Demographics are expanding. More women and minorities are tippling craft brews, said industry consultant Jen Schwertman, and the millennial generation has come of drinking age in an era when beer options expanded significantly past a handful of dominant national brands.
In New York City, homegrown brews are also infiltrating upscale bars and restaurants. “We make sure a large percentage of our beer list comes from local breweries,” said Hayley Jensen, beer sommelier at Taproom No. 307, a craft-beer bar with nearly 100 offerings. Artisan brews, with their unique, complex flavors, are increasingly being treated as pairing fodder for haute cuisine at such epicurean destinations as Eleven Madison Park, NoMad and others.
When Brooklyn Brewery opened in 1988, it sparked a revival of the city’s proud brewing tradition, which began in the mid-19th century and dried up by 1976. But the two dozen area breweries that opened after Brooklyn Brewery’s launch have failed, mainly because traditional beer distributors were reluctant to take on their product, Mr. Hindy said.
These days, he said, “you do not have to explain why your beer is dark or hoppy, or why it is strong and tastes like cherries or peaches or whiskey.”
Chris Gallant, co-founder of Bronx Brewery, said he hopes to follow Brooklyn Brewery’s example. But, he noted, “when Brooklyn started, there were just a few Goliaths like Bud and Heineken. Now, there are a lot more Goliaths, and they’re one of them.”
Back at Threes, Mr.
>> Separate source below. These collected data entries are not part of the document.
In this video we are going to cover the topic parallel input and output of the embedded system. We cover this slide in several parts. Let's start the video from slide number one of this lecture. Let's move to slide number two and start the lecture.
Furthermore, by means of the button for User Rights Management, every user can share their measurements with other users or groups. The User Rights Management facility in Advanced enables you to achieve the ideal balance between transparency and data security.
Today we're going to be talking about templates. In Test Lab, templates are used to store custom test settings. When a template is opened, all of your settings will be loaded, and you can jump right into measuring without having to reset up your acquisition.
Israelson described a culture of camaraderie between New York’s newest brewers.
“There’s a lot of sharing,” he said. “When possible, we go over to Other Half and bring them a growler of what we’re working on, and they have done the same for us many times.”
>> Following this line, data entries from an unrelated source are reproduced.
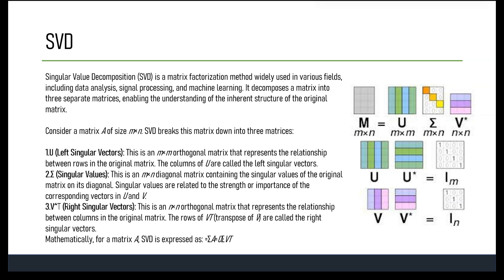Singular Value Decomposition (SVD) is another algorithm based on the same principle as PCA, and this will be the last technique we discuss before moving towards tree-based algorithms. SVD is a mathematical method used to decompose a matrix into three separate matrices — a fundamental tool in linear algebra.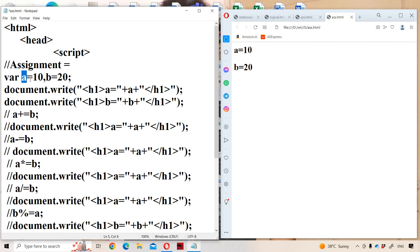While using the equals operator, the left-hand side should contain a valid variable name. The left-hand side should not contain a value. Let us see the statement where a is equal to 10 and b is equal to 20. Here we have displayed the value of a and b within the header text, so that the content will be displayed in larger font size and in bold style.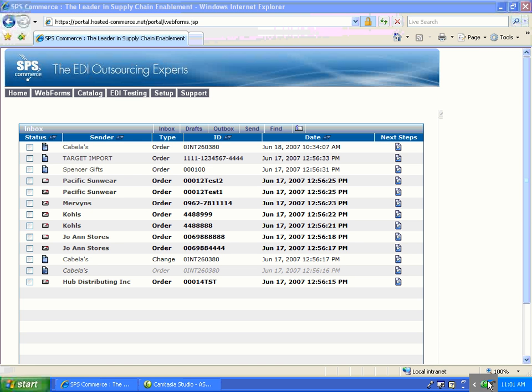To create the Advanced Ship Notice, first find the purchase order with which you would like to work. If the purchase order is in the bold status, you will first need to open it and view it before you can create your documents.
All of which raises the question of whether a New York-style beer might be in the offing.
“It would certainly have to be bitter…not overly fruit forward,” speculated Cory Bonfiglio, general manager of Proletariat, a Lower East Side beer bar, tossing out taste profiles like “confident and bold,” “robust yet brisk” and “a little funky on the back end.”
“I think we’ll strive to find our own tastes,” said Zach Mack, owner of Alphabet City Beer Co., a craft-beer bar and store. “Because if there’s anything a New Yorker is good at it, it’s forming an opinion on what is good and what is not.”